*** Opening Given information ***

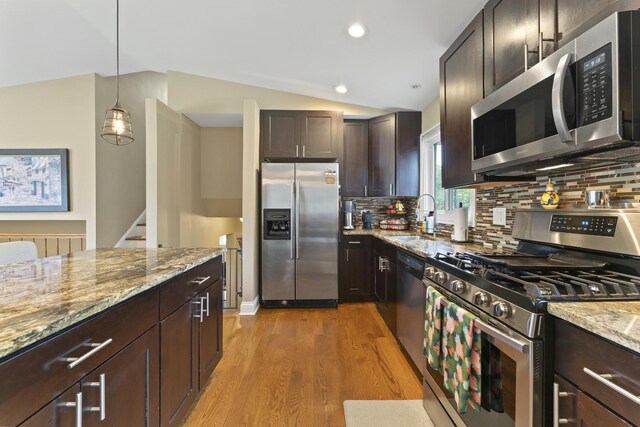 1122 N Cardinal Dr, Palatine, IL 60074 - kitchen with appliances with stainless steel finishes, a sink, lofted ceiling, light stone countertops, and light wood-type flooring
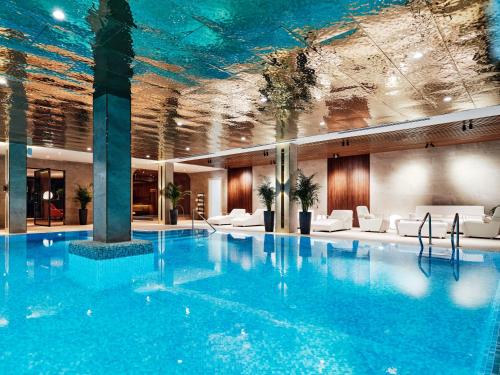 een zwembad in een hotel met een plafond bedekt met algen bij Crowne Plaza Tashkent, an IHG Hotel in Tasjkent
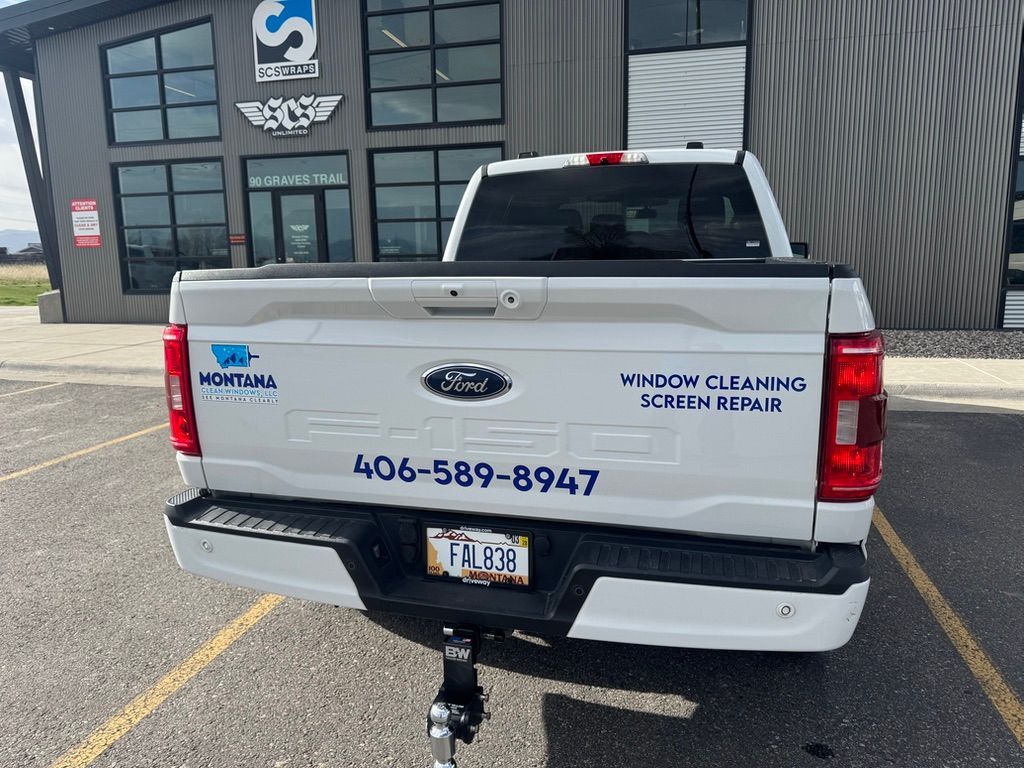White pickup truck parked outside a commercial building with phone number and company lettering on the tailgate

*** Closing Given information ***

• _Exercise_: Reproduce all of the data exactly; the pictures do not belong in the copy.

• _Solved exercise_:
 1122 N Cardinal Dr, Palatine, IL 60074 - kitchen with appliances with stainless steel finishes, a sink, lofted ceiling, light stone countertops, and light wood-type flooring
 een zwembad in een hotel met een plafond bedekt met algen bij Crowne Plaza Tashkent, an IHG Hotel in Tasjkent
White pickup truck parked outside a commercial building with phone number and company lettering on the tailgate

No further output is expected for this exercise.